Definition
The flat, imaginary surface in which an applied force acts on a spinning gyroscope. When a force is applied to a gyro, it does not produce a reaction at the point of application; instead, the reaction occurs 90 degrees ahead in the direction of rotation, in a predictable plane relative to the spin axis. This is the principle of precession, and the plane of force is one of the three reference planes (along with the plane of rotation and the plane of precession) used to describe how a gyro responds.
Plain English
The flat surface, like a sheet of glass passing through the gyro, that shows the direction in which a push or pull is being applied to it.
Context Anchor
Seen in explanations of turn indicators, where the handbook describes how a gyro reacts when the aircraft turns.
Derivation
Plane here means a flat two-dimensional surface, from the Latin planum meaning a level surface.
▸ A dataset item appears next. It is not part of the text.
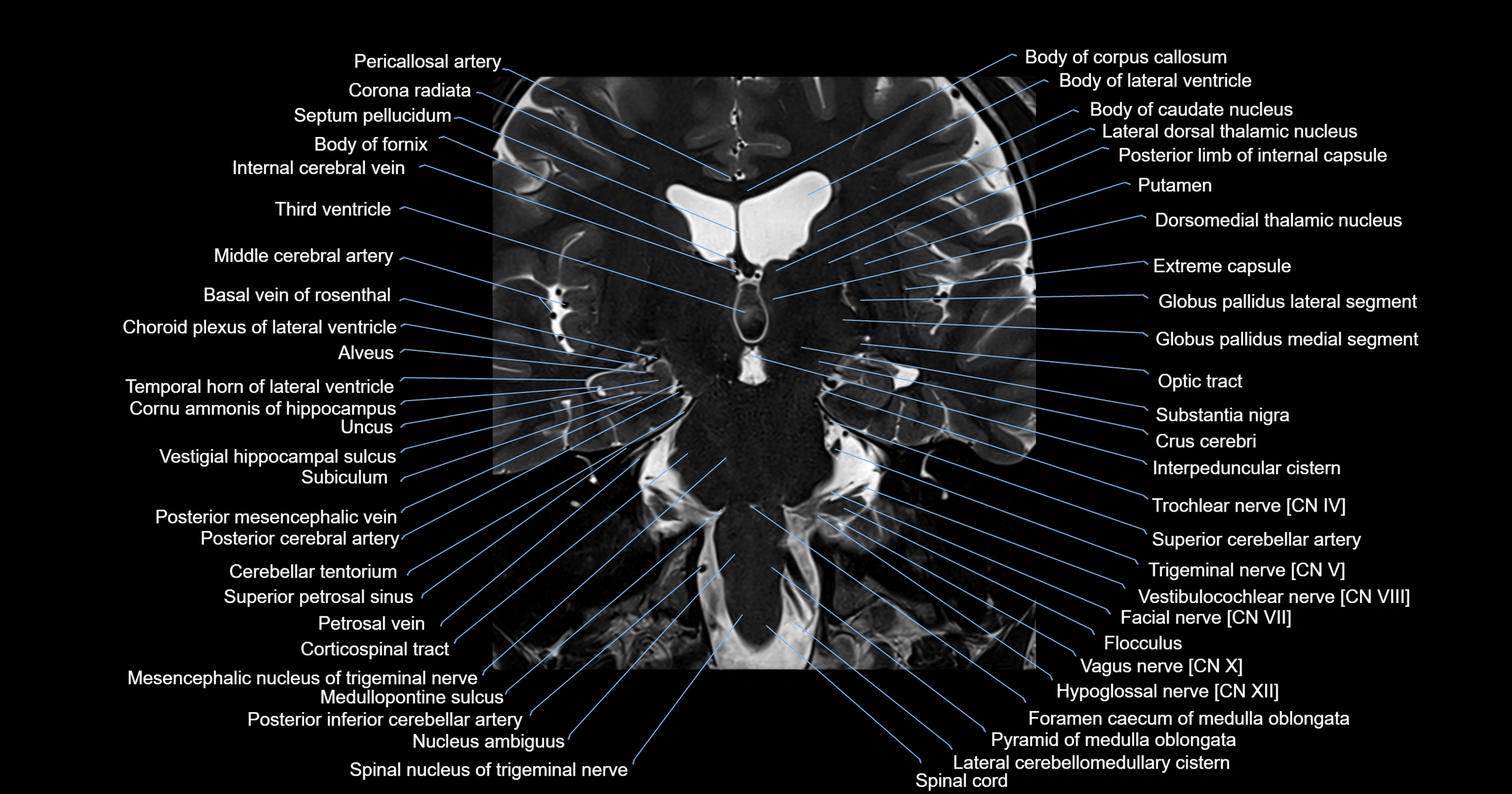 MRI brainstem & basal ganglia anatomy labelled 3T MRI images -img-00001-00021.webp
Force keeps its everyday meaning of a push or pull. Together, the phrase describes the flat surface along which a push or pull acts on the gyro.
Why Pilots Care
Correct understanding prevents misreading the turn needle during coordinated or uncoordinated flight.
Analogy
Picture pushing on the side of a spinning wheel. The plane of force is the flat direction your push is acting in, not the wheel itself.
Grounding Statement
If you press down on the rim of a spinning gyro at one spot, the plane of force is the flat surface running through that push -- the surface that shows which way the force is being applied.
Intuition Check
Plane does not mean airplane here. It means an imagined flat surface showing the direction in which the force is acting.
Example Sentence 1
When the pilot applies rudder, a force is introduced in one plane, but because of precession the gyro tilts in a different plane.
Example Sentence 2
The instrument is designed so the plane of force aligns with aircraft yaw to produce a visible indication.